Turkey has new law on asylum, but sets limits for non-Europeans
By Jonathon Burch
ANKARA | Fri Apr 12, 2013 2:03pm EDT
(Reuters) - Turkey passed a long-awaited asylum law on Friday that will enhance protection for people seeking refuge, but retained restrictions on applications from those from outside Europe.
Turkey's position as a bridge from Asia to Europe, as well as its wealth compared with neighboring states, has long made it both a destination and a transit point for migrants from the Middle East and as far afield as Africa and South Asia.
But Turkey, a candidate to join the EU, has long been under international pressure to regulate its asylum laws, demands that have mounted in the past two years with the arrival of some 400,000 refugees fleeing civil war in neighboring Syria.
The new legislation, which was signed into law by Turkey's president on Friday after being passed by parliament the previous day, provides the first legal framework for the protection of asylum seekers and refugees in Turkey.
The law now grants full refugee status to those coming to Turkey from Europe, and provides for the establishment of a new civilian body to oversee refugee applications, a process currently handled by the police, who are often untrained.
The U.N. refugee agency (UNHCR), said it had "supported" the drafting process and welcomed the law as an "important advancement for international protection", while the EU said it was a "clear commitment to build an effective migration management system in line with EU and international standards".
However, the new law stops short of lifting a geographical limitation widely criticized by rights groups. People arriving in Turkey "as a result of events from outside European countries" will only be given "conditional refugee" status.
While Turkey is one of the original signatories to the 1951 Geneva Convention Relating to the Status of Refugees, it is one of only a small number of countries to maintain a limitation on where it will accept them from.
Apart from a wave of refugees fleeing the wars in the former Yugoslavia and the Kosovo conflict in the 1990s, it is thought the numbers seeking asylum in Turkey from Europe have been very small in recent years.
Lifting its geographical limitation on asylum is a major condition for Turkey to join the European Union. Ankara has been in formal accession talks with the bloc since 2005, but those negotiations have stalled.

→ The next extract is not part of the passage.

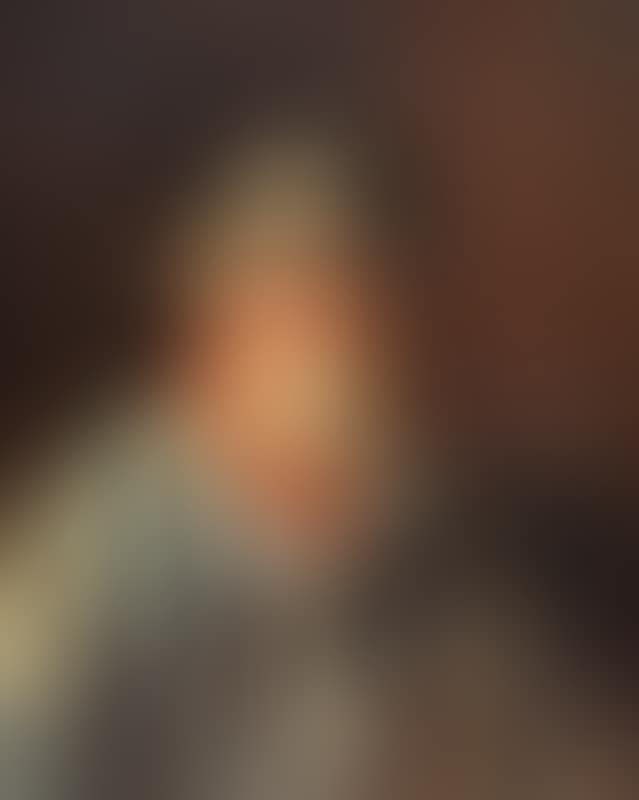 Portrait of a fisher man with a hat (preview)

Rights groups have criticized the limitation because it leaves non-European refugees in a legal limbo while they wait to be settled in a third country by the UNHCR, which can often take many years.
With most of the attention on the tens of thousands of Syrians flowing into Turkey over the past two years, the growing number of refugees from other countries, particularly Afghanistan, often goes unreported.
While the numbers are much lower than those arriving from Syria, asylum applications from other countries in Turkey rose by 50 percent between June 2011 and June 2012, the UNHCR says.